Once you find the line with "handicap asiatico - 0 5" in the entries below, print it and each line after it up to and including the line with "Literatura e cinema: encontros", exactly, without pictures.
Dataset excerpts section start
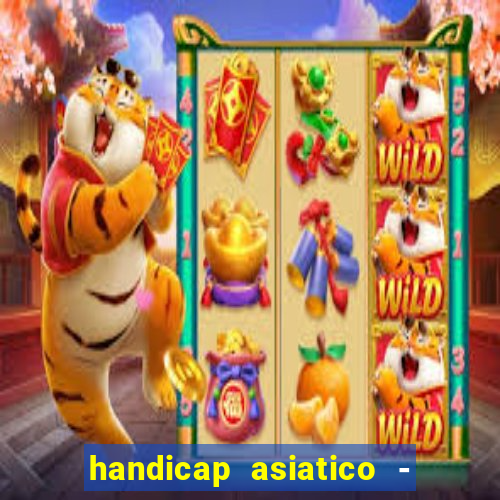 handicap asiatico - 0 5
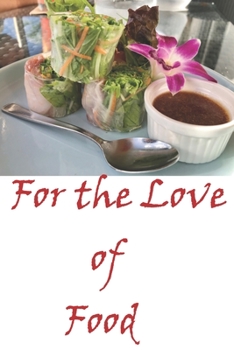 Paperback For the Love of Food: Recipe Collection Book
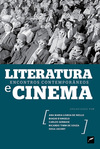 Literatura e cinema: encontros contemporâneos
Dataset excerpts section end
Dataset excerpts section start
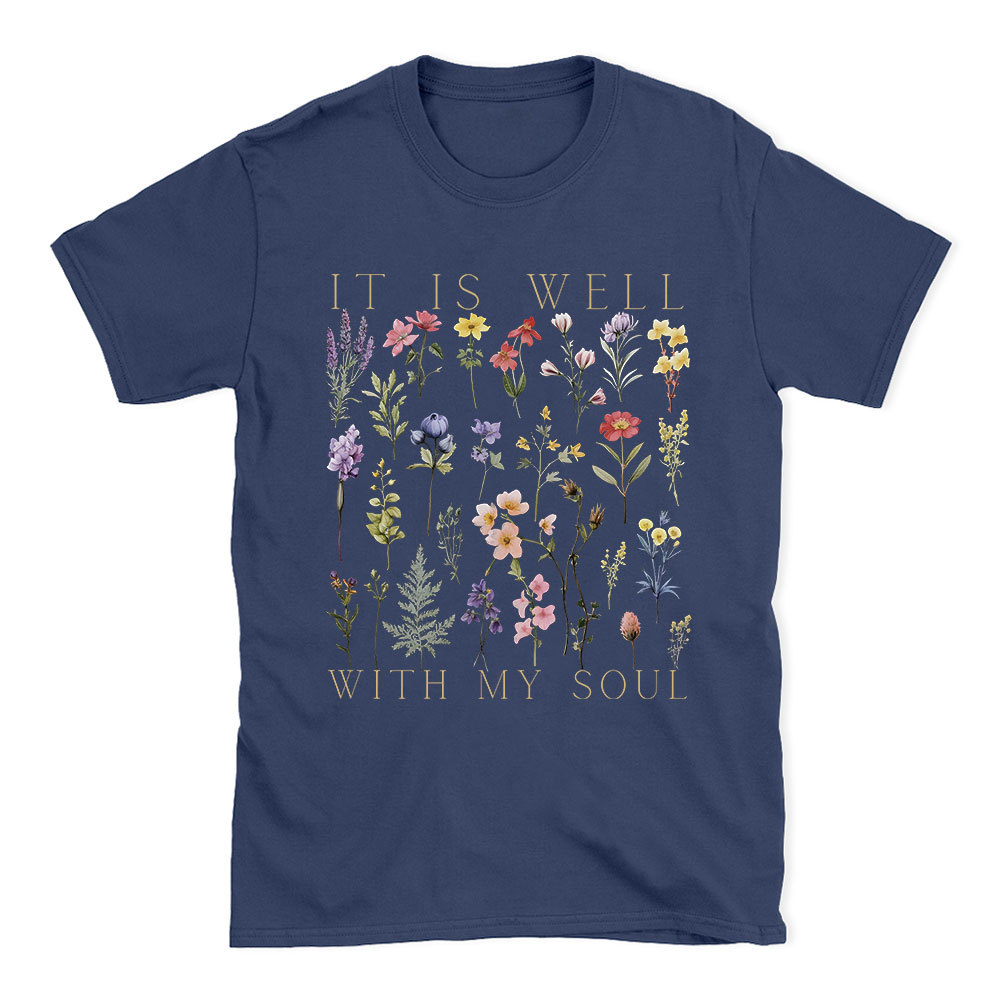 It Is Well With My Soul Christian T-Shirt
Dataset excerpts section end
:: Exercise output ::
 handicap asiatico - 0 5
 Paperback For the Love of Food: Recipe Collection Book
 Literatura e cinema: encontros contemporâneos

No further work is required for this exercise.